2017 journal article

Inhibition of microsomal prostaglandin E-synthase-1 (mPGES-1) selectively suppresses PGE(2) in an in vitro equine inflammation model

VETERINARY IMMUNOLOGY AND IMMUNOPATHOLOGY, 192, 33–40.

By: E. Martin n & S. Jones n

author keywords: Prostaglandin E-2; Prostaglandin E-synthase; Leukocyte; Anti-inflammatory; NSAID; Horse
MeSH headings : Animals; Blotting, Western / veterinary; Dinoprostone / antagonists & inhibitors; Disease Models, Animal; Enzyme-Linked Immunosorbent Assay / veterinary; Horses; Inflammation / metabolism; Inflammation / physiopathology; Inflammation / veterinary; Leukocytes / metabolism; Microsomes / enzymology; Prostaglandin-E Synthases / antagonists & inhibitors; Prostaglandin-E Synthases / metabolism; Prostaglandin-E Synthases / physiology; Real-Time Polymerase Chain Reaction / veterinary
TL;DR: It is demonstrated that mPGES-1 is a potentially safer and effective therapeutic target for treatment of equine inflammatory disease when compared to traditional non-steroidal anti-inflammatory drugs. (via Semantic Scholar)
UN Sustainable Development Goal Categories
3. Good Health and Well-being (Web of Science; OpenAlex)
Source: Web Of Science
Added: August 6, 2018

Inhibition of prostaglandin E 2 (PGE 2 ) production effectively limits inflammation in horses, however nonspecific prostaglandin blockade via cyclooxygenase (COX) inhibition elicits deleterious gastrointestinal side effects in equine patients. Thus, more selective PGE 2 targeting therapeutics are needed to treat inflammatory disease in horses. One potential target is microsomal prostaglandin E-synthase-1 (mPGES-1), which is the terminal enzyme downstream of COX-2 in the inducible PGE 2 synthesis cascade. This enzyme has yet to be studied in equine leukocytes, which play a pivotal role in equine inflammatory disease. The objective of this study was to determine if mPGES-1 is a PGE 2 -selective anti-inflammatory target in equine leukocytes. To evaluate this objective, leukocyte-rich plasma (LRP) was isolated from equine whole blood collected via jugular venipuncture of six healthy adult horses of mixed breeds and genders. LRP was primed with granulocyte-monocyte colony-stimulating factor (GM-CSF) and stimulated with lipopolysaccharide (LPS) in the presence or absence of an mPGES-1 inhibitor (MF63), a COX-2 inhibitor (NS-398), or a nonselective COX inhibitor (indomethacin). Following treatment, mPGES-1 and COX-2 mRNA and protein levels were measured via qPCR and western blot, respectively, and PGE 2 , thromboxane (TXA 2 ) and prostacyclin (PGI 2 ) levels were measured in cellular supernatants via ELISA. This study revealed that LPS significantly increased mPGES-1 mRNA, but not protein levels in equine LRP as measured by qPCR and western blot, respectively.
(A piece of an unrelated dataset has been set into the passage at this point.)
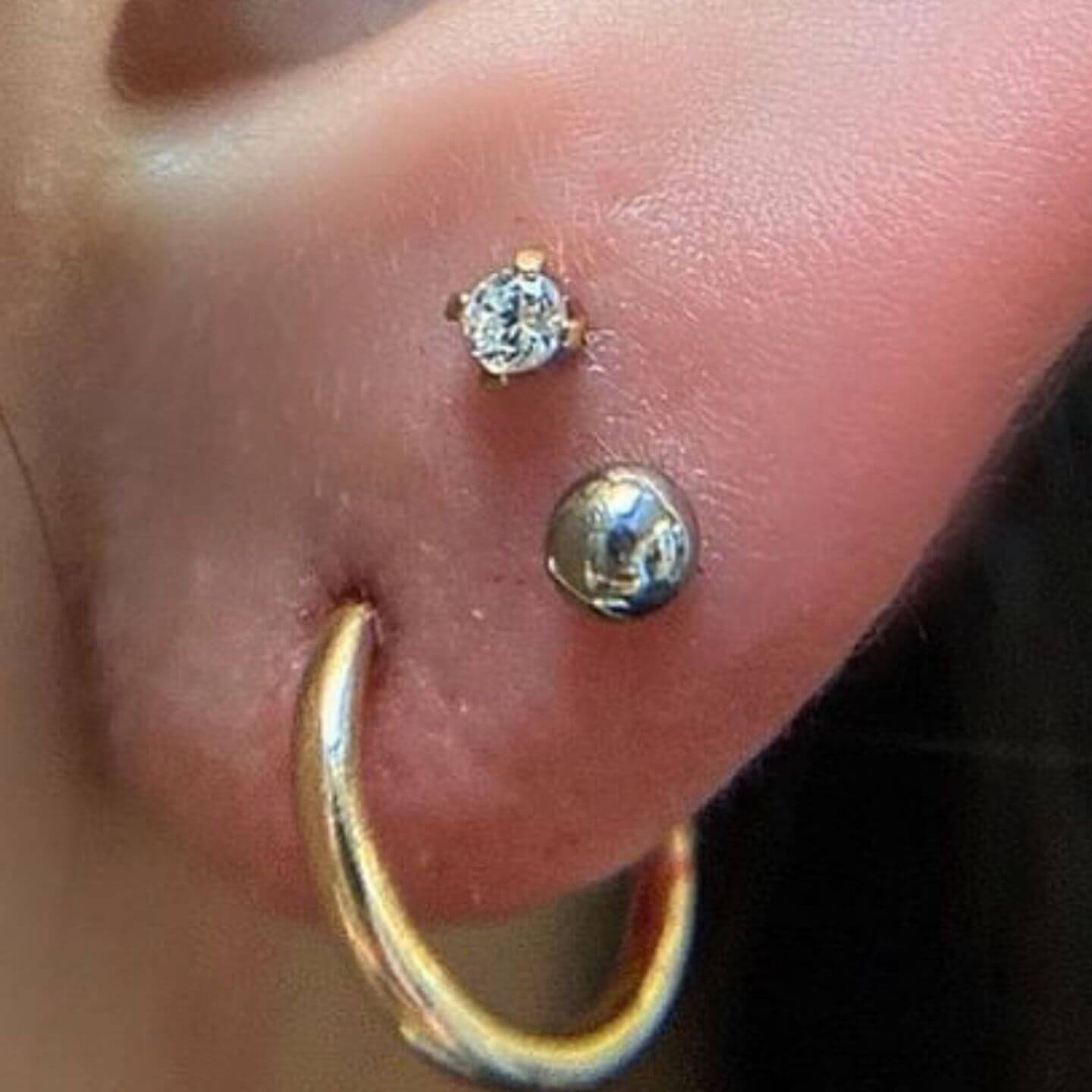 Your Ultimate Ear Piercings Guide and Care Tips for 2022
In contrast, COX-2 mRNA and protein were coordinately induced by LPS. Importantly, treatment of LPS-stimulated leukocytes with indomethacin and NS-398 significantly reduced extracellular concentrations of multiple prostanoids (PGE 2 , TXA 2 and PGI 2 ), while the mPGES-1 inhibitor MF63 selectively inhibited PGE 2 production only. mPGES-1 inhibition also preserved higher basal levels of PGE 2 production when compared to either COX inhibitor, which might be beneficial in a clinical setting. In conclusion, this work identifies mPGES-1 as a key regulator of PGE 2 production and a PGE 2 -selective target in equine leukocytes. This study demonstrates that mPGES-1 is a potentially safer and effective therapeutic target for treatment of equine inflammatory disease when compared to traditional non-steroidal anti-inflammatory drugs.